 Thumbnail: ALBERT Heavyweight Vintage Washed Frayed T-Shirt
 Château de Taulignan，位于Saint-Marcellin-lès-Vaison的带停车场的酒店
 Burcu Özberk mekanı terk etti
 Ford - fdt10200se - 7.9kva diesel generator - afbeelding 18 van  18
==============================
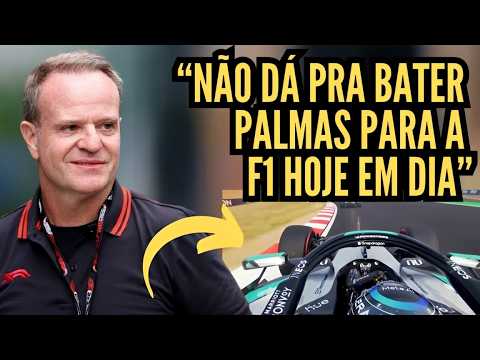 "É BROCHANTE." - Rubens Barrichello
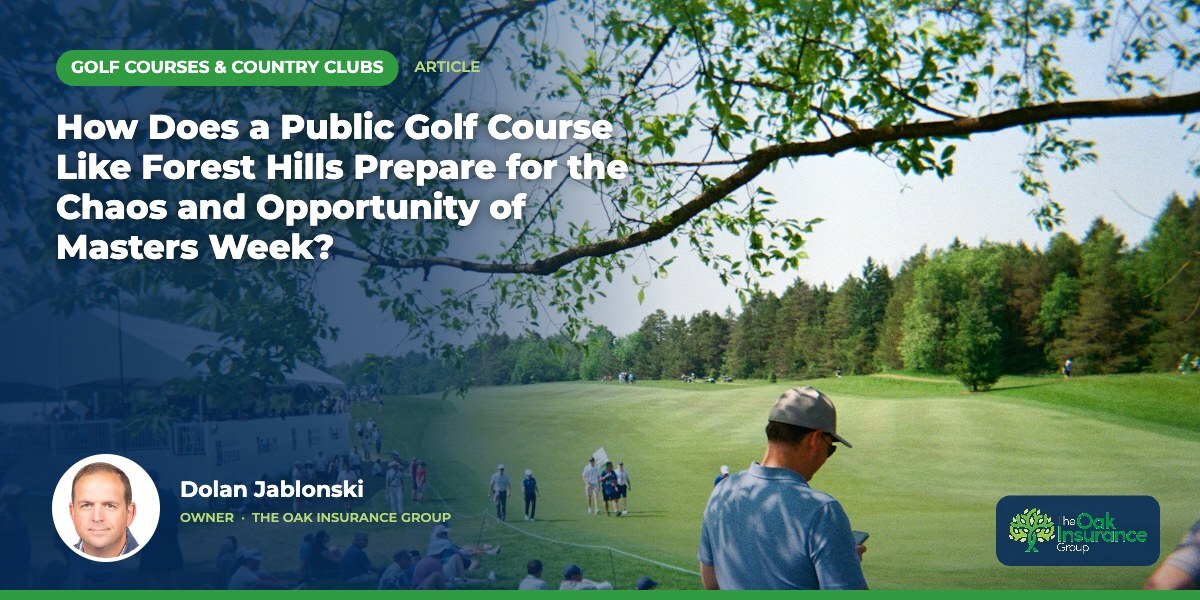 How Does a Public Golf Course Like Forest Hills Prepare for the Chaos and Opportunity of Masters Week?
==============================
* **TASK**:
Reproduce, character for character, only the lines of the preceding data that start at the line with "Thumbnail: ALBERT Heavyweight" and end at the line with "Ford - fdt10200se", both included.

* **SOLUTION**:
 Thumbnail: ALBERT Heavyweight Vintage Washed Frayed T-Shirt
 Château de Taulignan，位于Saint-Marcellin-lès-Vaison的带停车场的酒店
 Burcu Özberk mekanı terk etti
 Ford - fdt10200se - 7.9kva diesel generator - afbeelding 18 van  18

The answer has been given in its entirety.